If this sounds too good to be true, that's because it is.

Thanks to a new report published in the journal BMJ Evidence-Based Medicine (provocatively titled "Drug discovery today: no molecules required") we now know that RADs aren't drugs at all, because they don't actually contain anything. As the new study reveals,
"The problem [with RADs] is that typical dilutions of the active ingredient are so high (from 1:1024 to 1:101991) that no molecules of the initial antibodies should be present in the ‘drug’ itself."
In other words, RADs are simply homeopathy by another name. As I've written many times before, homeopathy is one of the most patently absurd forms of pseudoscience, and although it's been debunked countless times, it remains popular due in part to commercial interests that profit handsomely from selling ineffective but expensive sugar pills.

RADs are produced by a single Russian company, with the odd name "OOO NPF Materia Medica Holding." The papers promoting the benefits of RADs are authored by a variety of Russian authors, but they are nearly all co-authored by or associated with one person, Oleg Epstein, who is also the company's founder.

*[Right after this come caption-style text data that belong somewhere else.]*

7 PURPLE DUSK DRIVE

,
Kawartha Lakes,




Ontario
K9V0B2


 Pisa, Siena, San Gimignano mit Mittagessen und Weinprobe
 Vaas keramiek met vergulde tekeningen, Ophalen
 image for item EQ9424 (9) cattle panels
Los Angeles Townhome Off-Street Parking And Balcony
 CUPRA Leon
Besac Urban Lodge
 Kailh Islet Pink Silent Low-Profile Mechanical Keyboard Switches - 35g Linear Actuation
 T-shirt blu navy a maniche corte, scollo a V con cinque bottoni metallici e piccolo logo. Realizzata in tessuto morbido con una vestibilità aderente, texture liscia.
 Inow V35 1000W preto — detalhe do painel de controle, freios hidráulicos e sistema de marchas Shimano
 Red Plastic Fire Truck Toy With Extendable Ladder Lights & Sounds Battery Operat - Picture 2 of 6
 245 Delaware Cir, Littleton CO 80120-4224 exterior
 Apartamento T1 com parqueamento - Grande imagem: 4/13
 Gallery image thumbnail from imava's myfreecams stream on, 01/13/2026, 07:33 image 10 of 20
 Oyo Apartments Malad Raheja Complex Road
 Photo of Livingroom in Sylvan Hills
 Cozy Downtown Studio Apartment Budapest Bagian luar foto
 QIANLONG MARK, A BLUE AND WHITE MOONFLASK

Epstein and his Russian compatriots have been very clever about disguising the fact that their "release-active drugs" aren't drugs at all. Their papers are full of scientific jargon, which has no doubt helped them get their work past reviewers who (as every scientist who has published papers knows) can sometimes be a bit lazy.

They've also taken advantage of–one might say abused–the U.S. clinical trials system,, by registering 22 studies of RADs there, such as this one.

The authors of the BMJ report (Alexander Panchin, Nikita Khromov-Borisov, and Evgenia Dueva, all Russian, though Dueva is based in Canada) are unsparingly blunt in revealing how Epstein has manipulated the scientific system in Russia to gain approval (and lucrative sales) of his so-called drugs. For example, Epstein has published 90 papers on RADs in a single journal, including 48 in a special issue that he edited himself.

Panchin and colleagues also took a closer look at 6 papers about RADs that were published in English-language journals, all co-authored by Epstein. They report that
"the articles contained misleading descriptions of active substance concentrations, severe flaws in study design and methodology, as well as concealed conflict of interests.... the authors did not mention that MMH manufactures and sells RADs and holds the corresponding patents. Epstein was not mentioned as the founder and CEO of MMH."
They contacted all of these journals, and only one journal, PLoS ONE, went so far as to retract the bogus science on RADs. Kudos to PLoS ONE for doing so. The other journals, some of them published by reputable scientific publishers including Elsevier, Wiley, and Springer, either didn't respond or refused to take action.

Fortunately for consumers, RADs haven't yet spread into U.S. and European markets, although their manufacturers are trying. In a recent letter published in a the Journal of Medical Virology, Epstein and his co-authors write that
"Currently we are in the process of approving evaluation requirements for our products, taking into account their peculiarities and allowing their potential authorization in the USA and Europe."
Buyer beware. The Russian quacks are coming.